Dataset excerpts

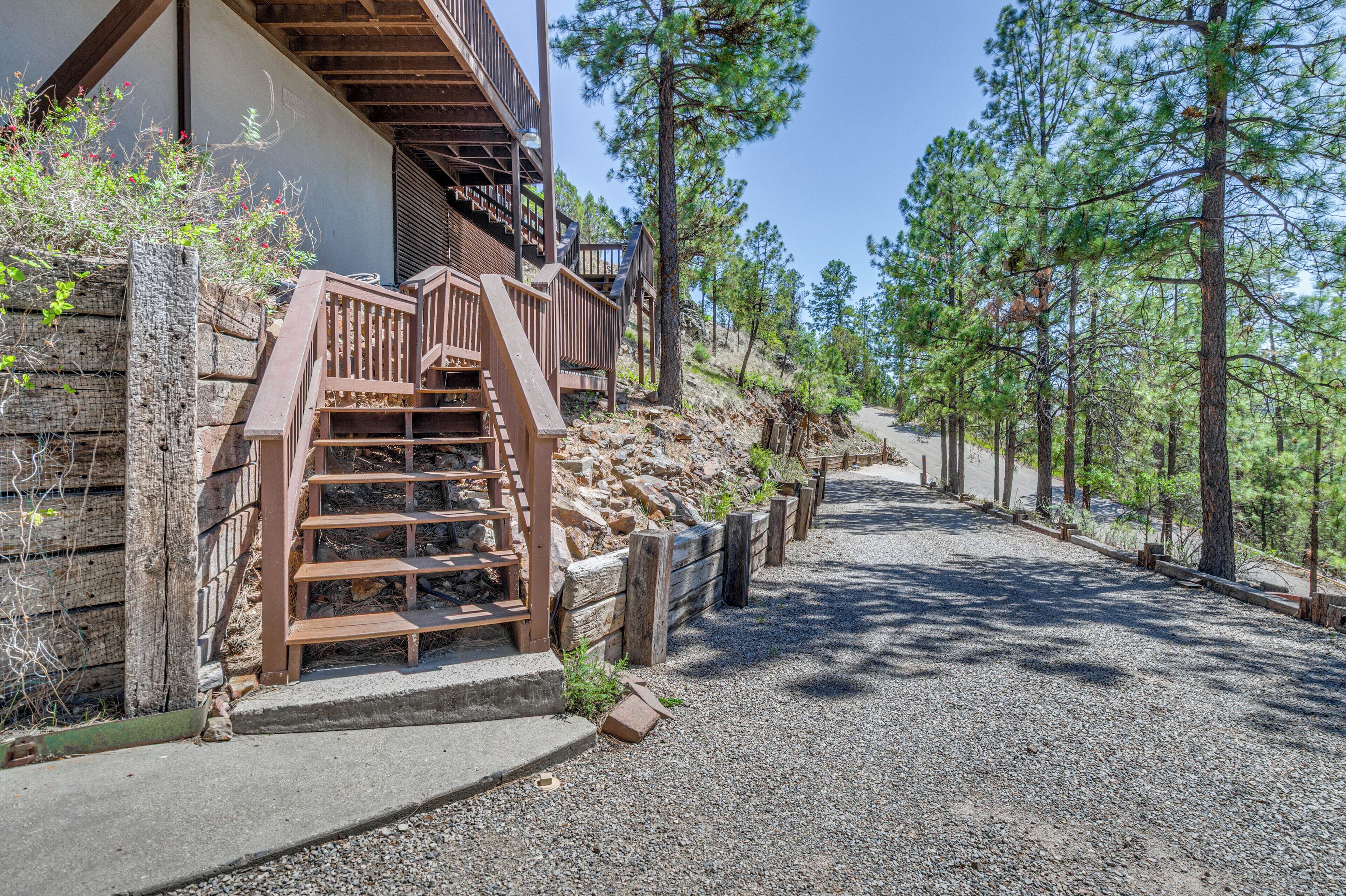A building with a wooden staircase leading to a deck, surrounded by trees and a gravel path.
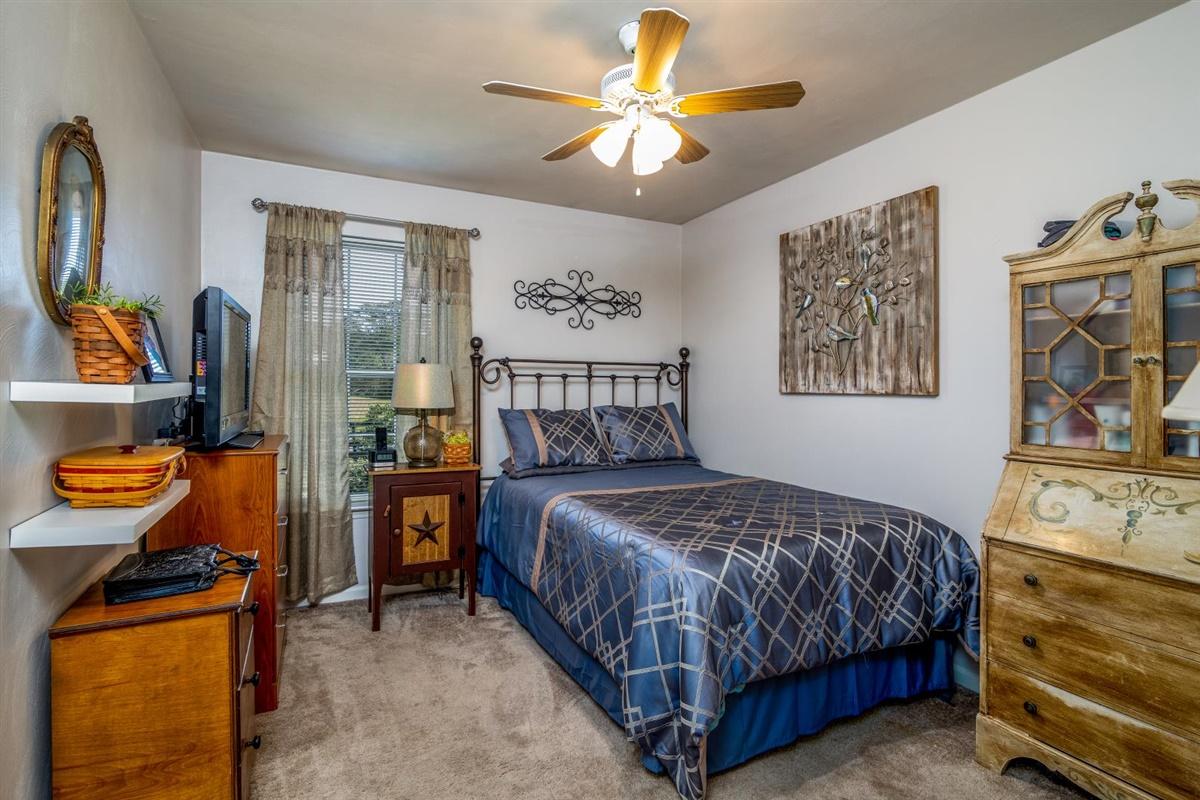 1849 Morgans Mill Road Goodview, VA 24095 - Photo 14 of 40 a bedroom with a bed and a chandelier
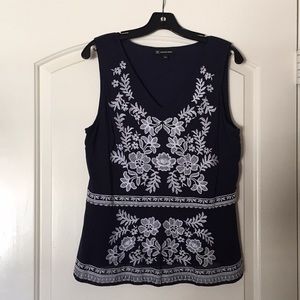 Sleeveless blue with white flowers peplum top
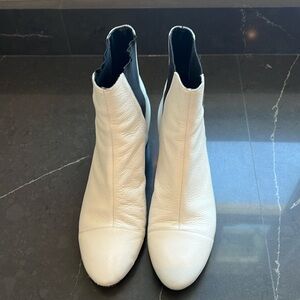 White boots with black elastic
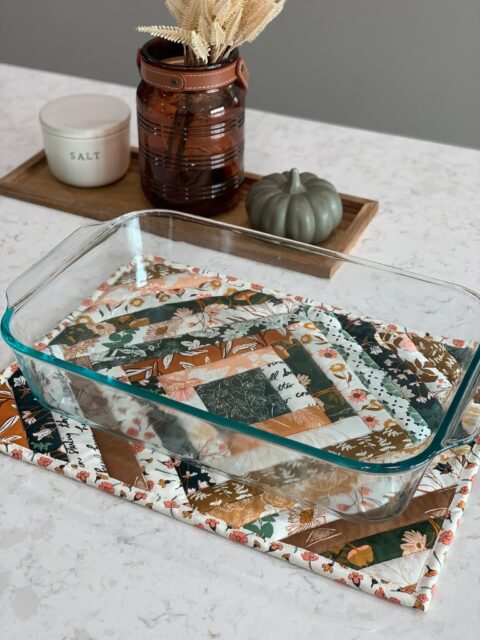 I really hate tossing out good fabric, especially when it’s from a collection I love as much as Roots of Nature. 🌿

After I finishing the Bare Roots cover quilt, I had enough scraps left over to whip up this casserole-sized hot pad. It’s such a quick little project and it feels so good to actually use up those odd-shaped strips that usually just end up at the bottom of a bin.

If you’re looking for a quick project between bigger quilts, I have a free pattern for this one linked in my bio.

Fabric: Roots of Nature by Bonnie Christine
Pattern: My free Casserole Hot Pad (Link in bio)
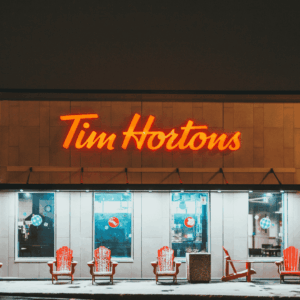 tim hortons at night: neon sign and snowy red chairs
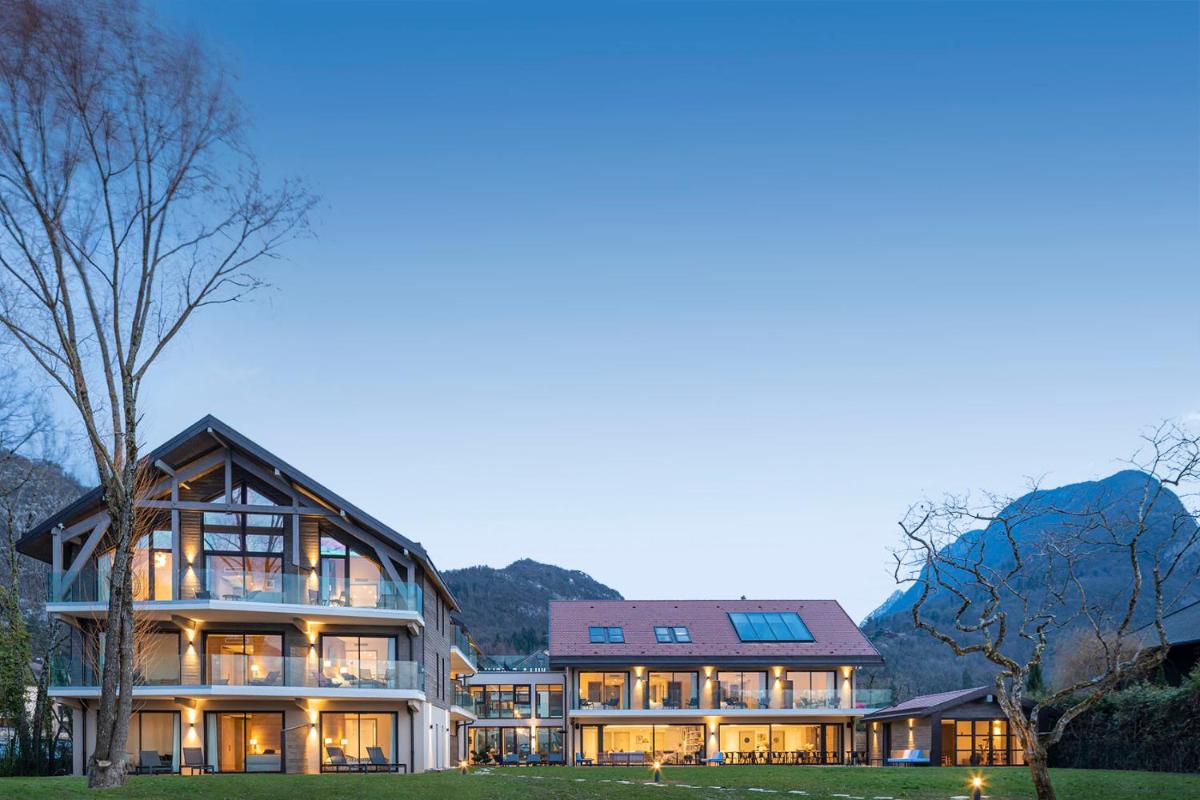 une grande maison avec de nombreuses fenêtres et un arbre dans l'établissement Villa Caroline, Lac d'Annecy, à Duingt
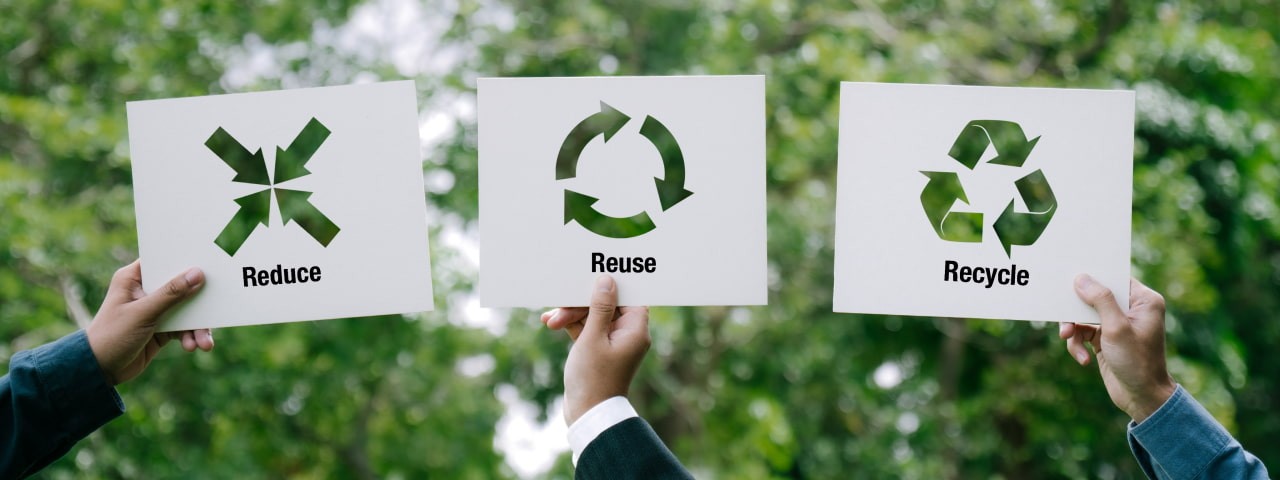 Hands holding up signs that say Reduce Reuse Recycle.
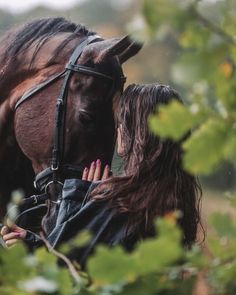 a woman is hugging a horse in the woods with her hand on it's face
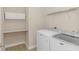 Functional laundry room with a shelf and modern washer and dryer units at 5 Coffee Mill Creek Ln., Carolina Shores, NC 28467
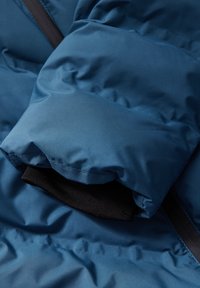 Tissu de veste matelassée bleue avec une texture lisse, dotée d'une doublure noire et de poignets élastiques. Comprend des détails de fermeture éclair et de couture.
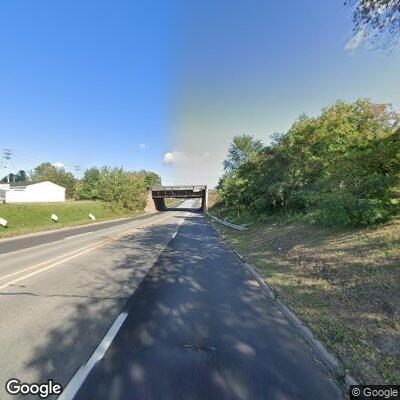 Green Toyota Corolla with unrestrained child headed northbound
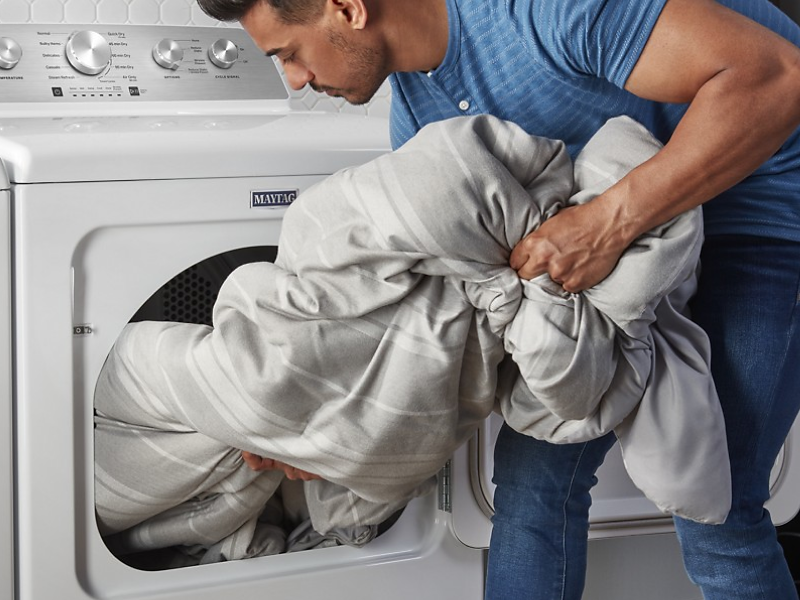Person loading large white comforter into dryer 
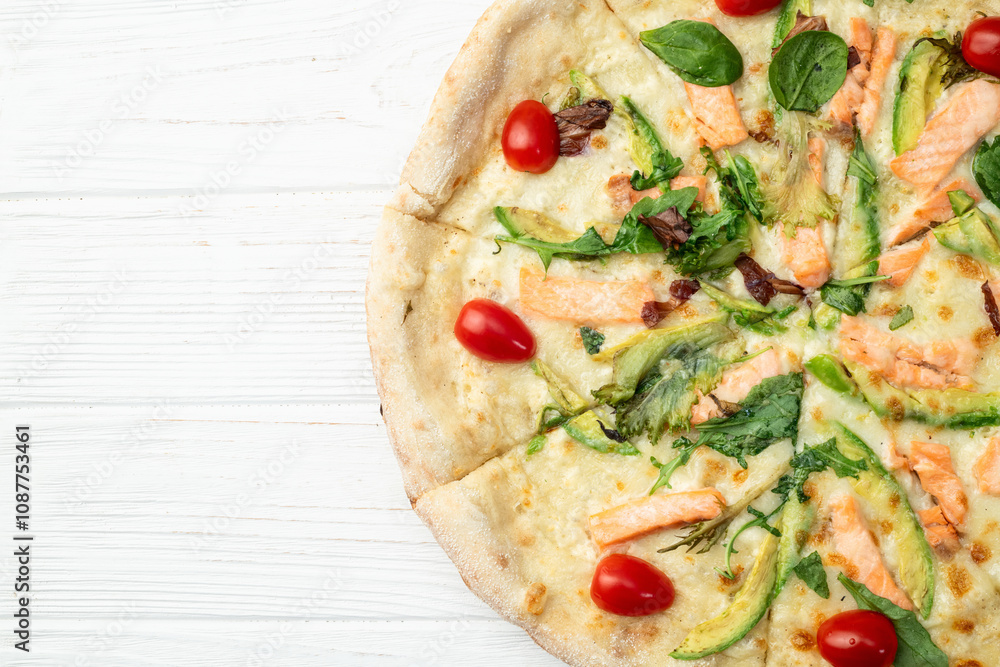 Italian pizza with avocado salmon tomatoes and mozzarella photography. top view Italian pizza with avocado salmon tomatoes and mozzarella photography. top view
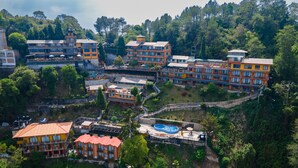 Un hôtel à plusieurs étages doté de balcons, d’une piscine et entouré d’une végétation luxuriante.
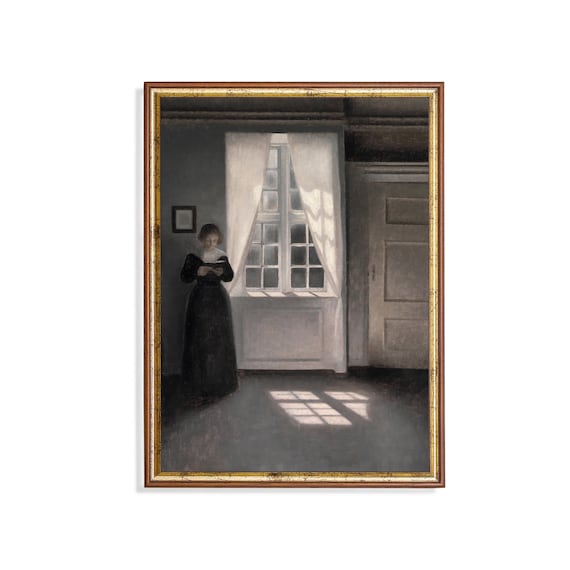 Woman Reading by a Tall Sunlit Window in a Moody Interior Poster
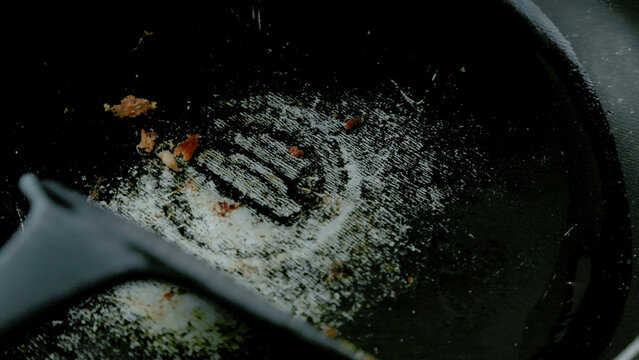 Close-Up of Worn Nonstick Teflon Frying Pan Being Scrubbed with Kitchen Utensil, Illustrating Cookware Safety and Potential Health Risks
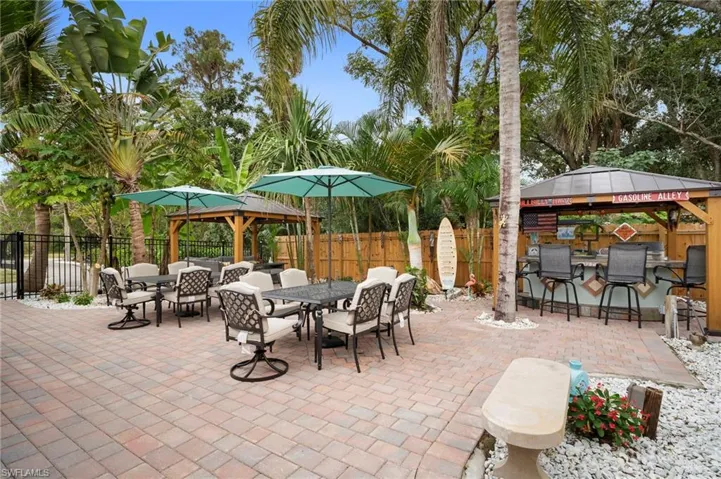 Fenced backyard featuring a gazebo, outdoor dining area, and a patio area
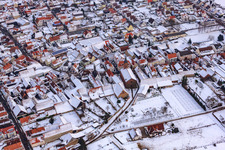 Kreuzgasse in the snow in Steinweiler in the state Rhineland-Palatinate, Germany seen from above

Task directions — Word for word, set down every record, keeping the images out.

The completed task —
A building with a wooden staircase leading to a deck, surrounded by trees and a gravel path.
 1849 Morgans Mill Road Goodview, VA 24095 - Photo 14 of 40 a bedroom with a bed and a chandelier
 Sleeveless blue with white flowers peplum top
 White boots with black elastic
 I really hate tossing out good fabric, especially when it’s from a collection I love as much as Roots of Nature. 🌿

After I finishing the Bare Roots cover quilt, I had enough scraps left over to whip up this casserole-sized hot pad. It’s such a quick little project and it feels so good to actually use up those odd-shaped strips that usually just end up at the bottom of a bin.

If you’re looking for a quick project between bigger quilts, I have a free pattern for this one linked in my bio.

Fabric: Roots of Nature by Bonnie Christine
Pattern: My free Casserole Hot Pad (Link in bio)
 tim hortons at night: neon sign and snowy red chairs
 une grande maison avec de nombreuses fenêtres et un arbre dans l'établissement Villa Caroline, Lac d'Annecy, à Duingt
 Hands holding up signs that say Reduce Reuse Recycle.
 a woman is hugging a horse in the woods with her hand on it's face
 Functional laundry room with a shelf and modern washer and dryer units at 5 Coffee Mill Creek Ln., Carolina Shores, NC 28467
 Tissu de veste matelassée bleue avec une texture lisse, dotée d'une doublure noire et de poignets élastiques. Comprend des détails de fermeture éclair et de couture.
 Green Toyota Corolla with unrestrained child headed northbound
Person loading large white comforter into dryer 
 Italian pizza with avocado salmon tomatoes and mozzarella photography. top view Italian pizza with avocado salmon tomatoes and mozzarella photography. top view
 Un hôtel à plusieurs étages doté de balcons, d’une piscine et entouré d’une végétation luxuriante.
 Woman Reading by a Tall Sunlit Window in a Moody Interior Poster
 Close-Up of Worn Nonstick Teflon Frying Pan Being Scrubbed with Kitchen Utensil, Illustrating Cookware Safety and Potential Health Risks
 Fenced backyard featuring a gazebo, outdoor dining area, and a patio area
 Kreuzgasse in the snow in Steinweiler in the state Rhineland-Palatinate, Germany seen from above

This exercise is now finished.